YOUR GOAL:
After locating the line with "炉石传说积分怎么获得[图1]" below, output it and each following line exactly, stopping after the line with "1503 Mod 3 Atmospheric". No pictures.

RECORDS SUPPLIED:
- Opening Delimiter -

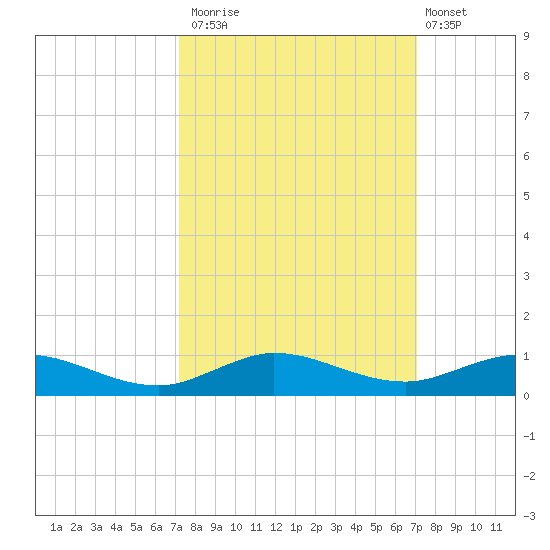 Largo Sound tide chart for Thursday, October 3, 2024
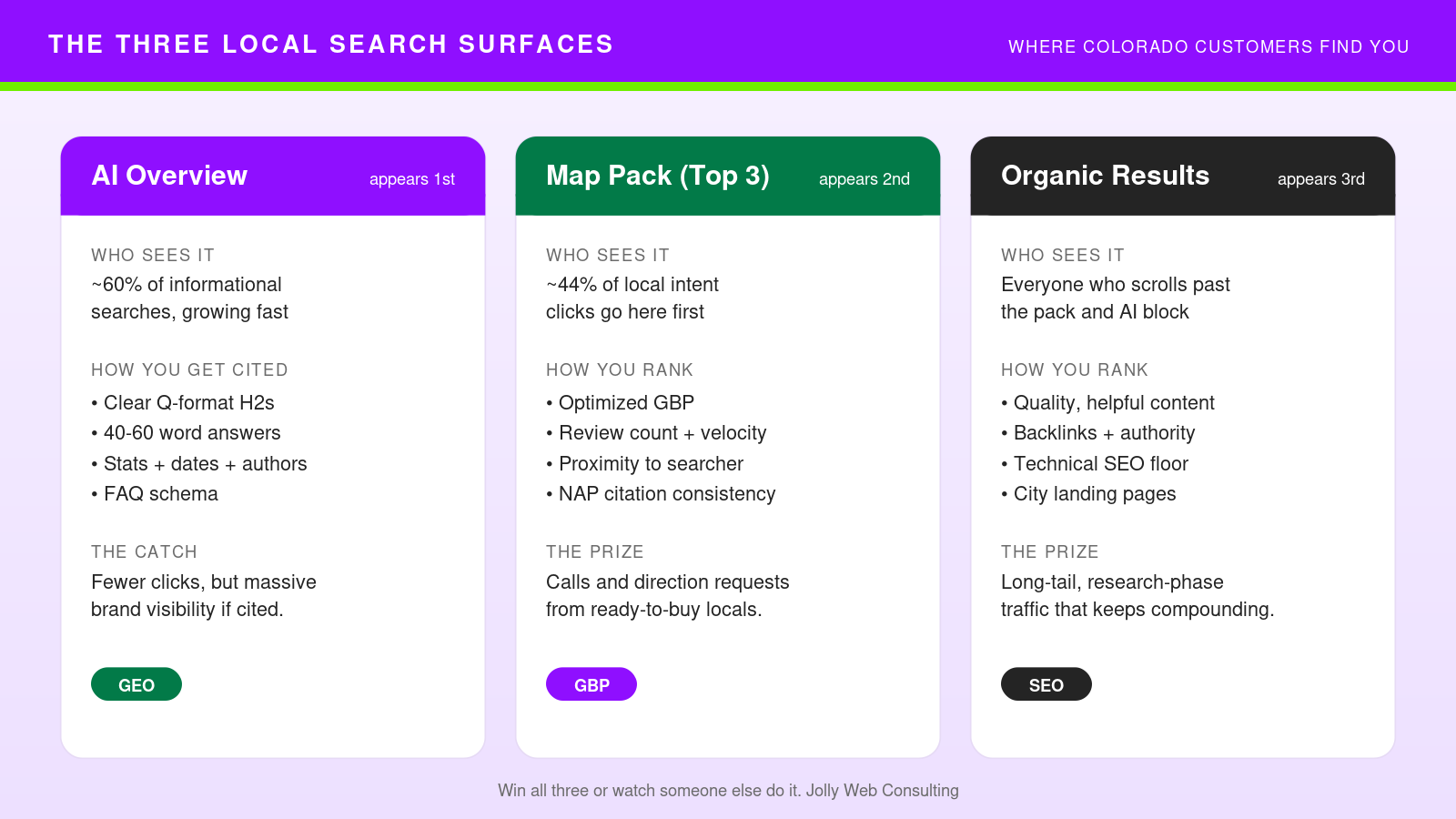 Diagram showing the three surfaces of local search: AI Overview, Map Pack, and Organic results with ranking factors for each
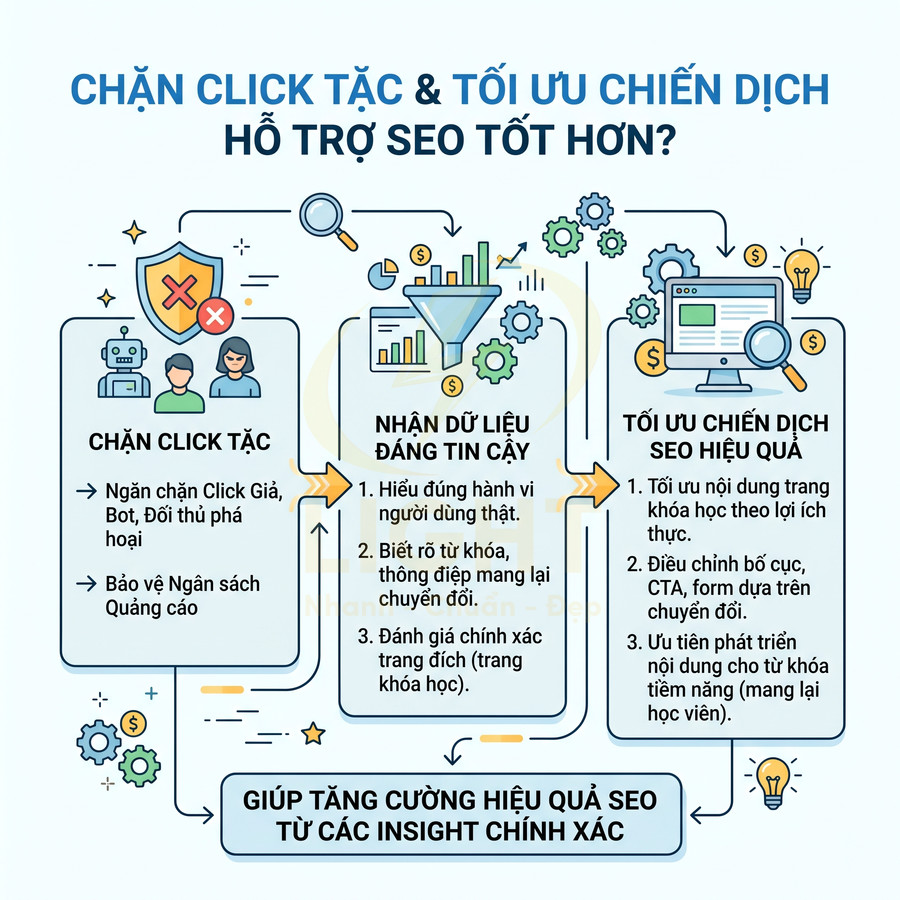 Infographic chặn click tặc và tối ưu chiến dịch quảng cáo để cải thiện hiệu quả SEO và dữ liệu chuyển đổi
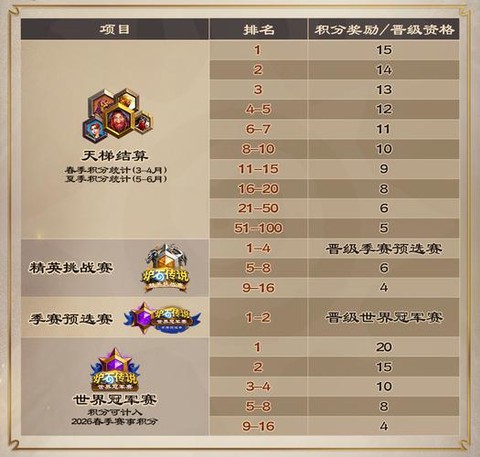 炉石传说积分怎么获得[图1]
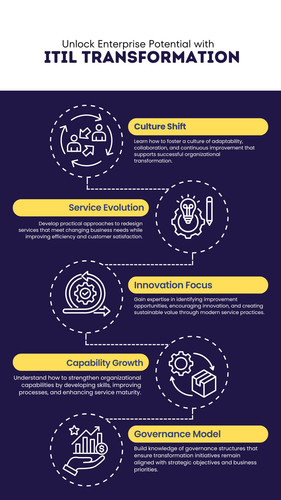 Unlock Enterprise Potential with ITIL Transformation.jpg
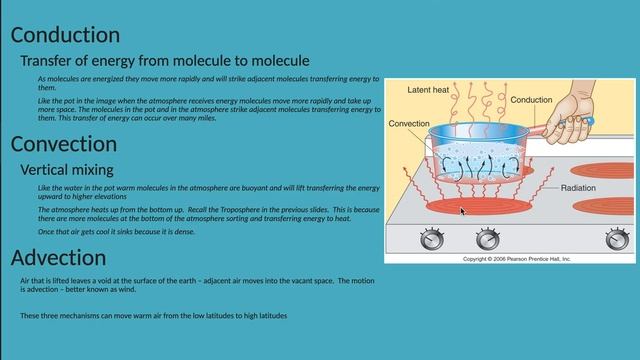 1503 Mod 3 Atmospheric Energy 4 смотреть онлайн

- Closing Delimiter -
- Opening Delimiter -

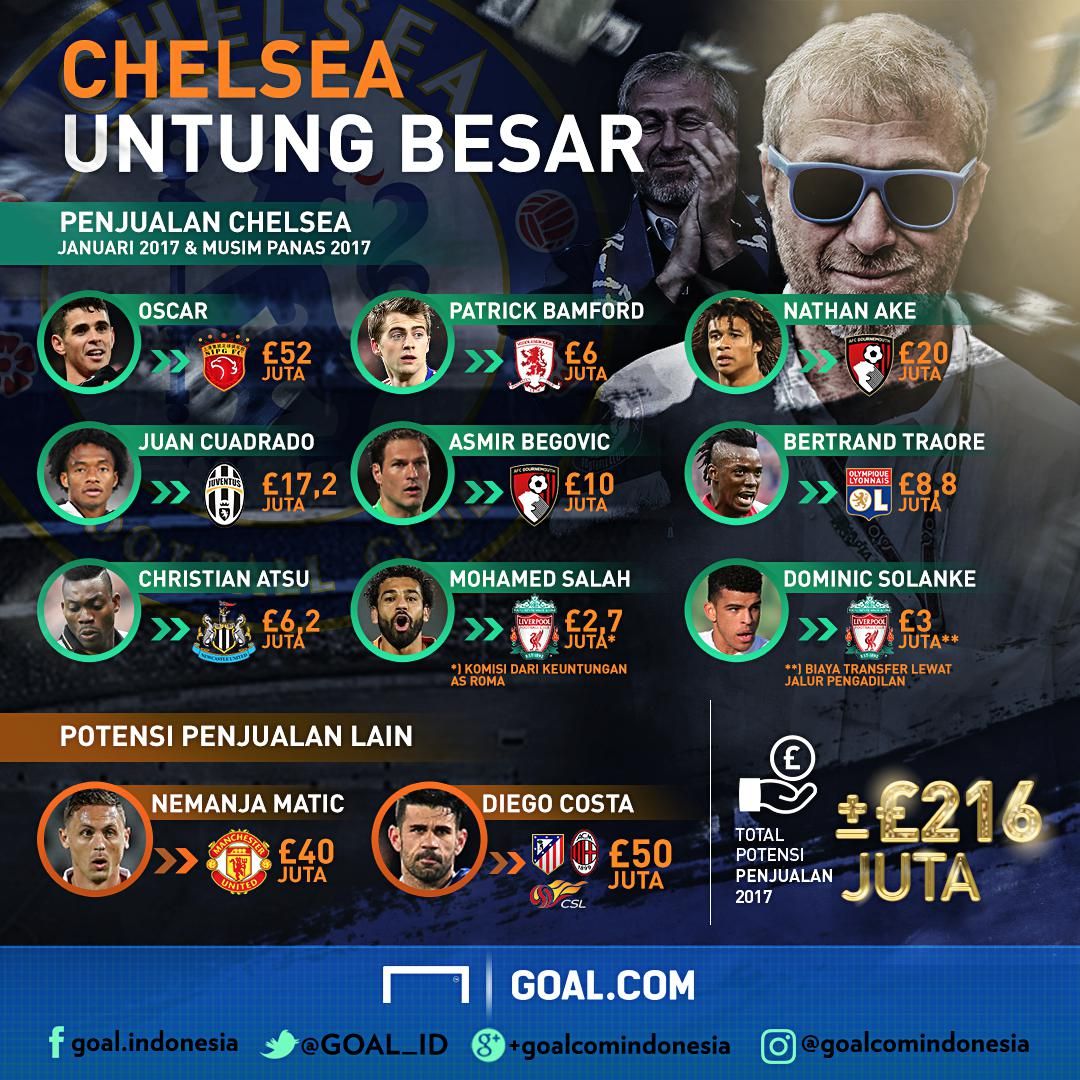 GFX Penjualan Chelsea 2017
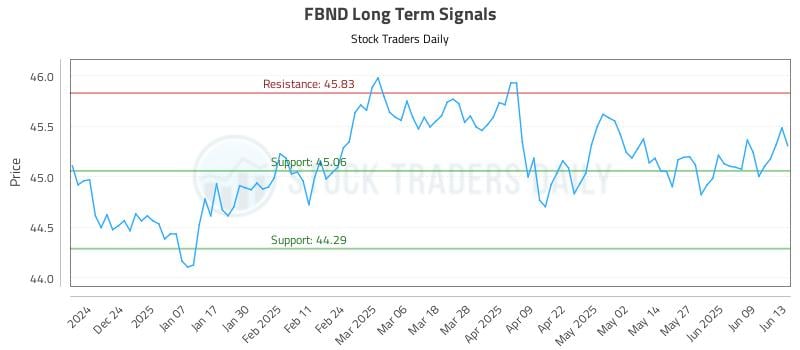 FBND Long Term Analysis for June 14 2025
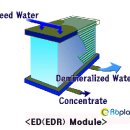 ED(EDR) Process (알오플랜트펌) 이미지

- Closing Delimiter -
- Opening Delimiter -

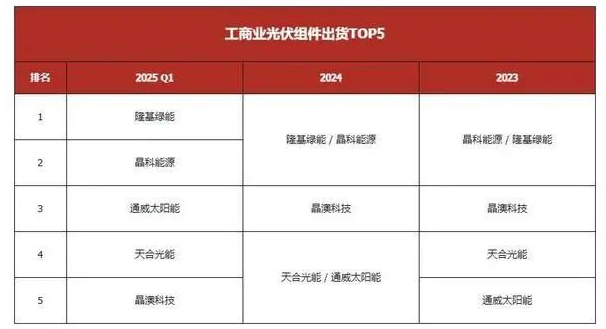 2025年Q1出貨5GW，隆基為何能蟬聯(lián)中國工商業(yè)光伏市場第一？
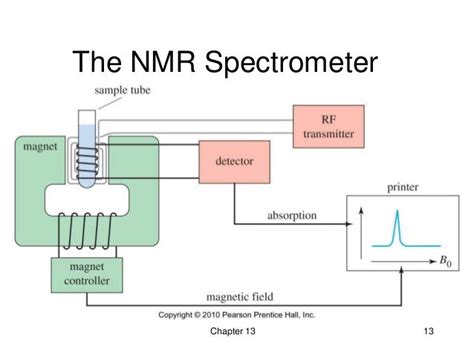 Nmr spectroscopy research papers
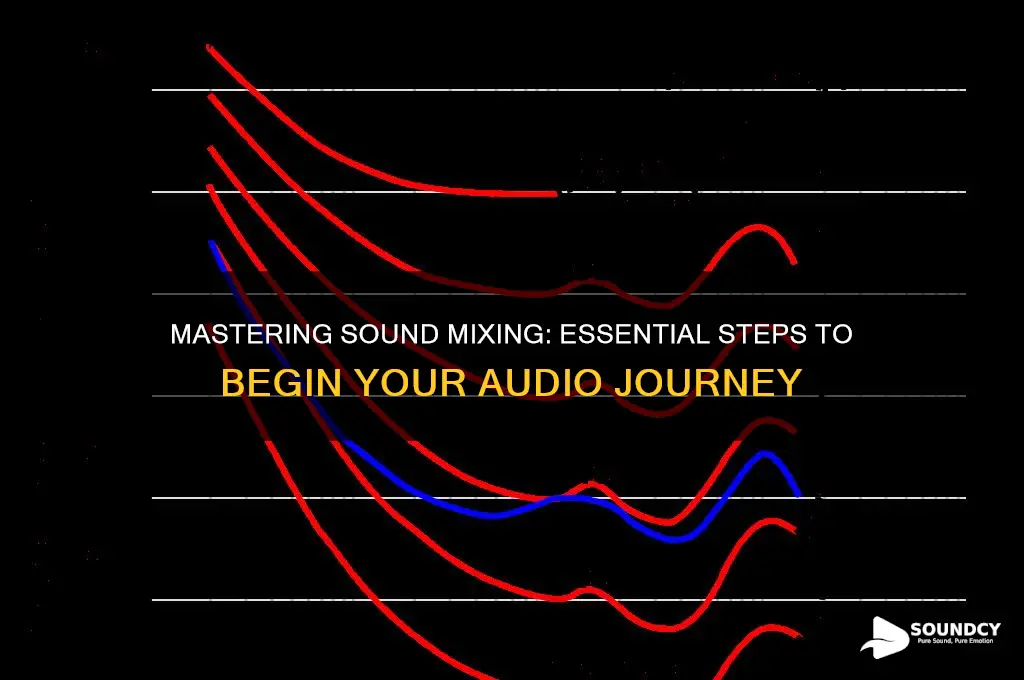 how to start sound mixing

- Closing Delimiter -

ANSWER AREA:
 炉石传说积分怎么获得[图1]
 Unlock Enterprise Potential with ITIL Transformation.jpg
 1503 Mod 3 Atmospheric Energy 4 смотреть онлайн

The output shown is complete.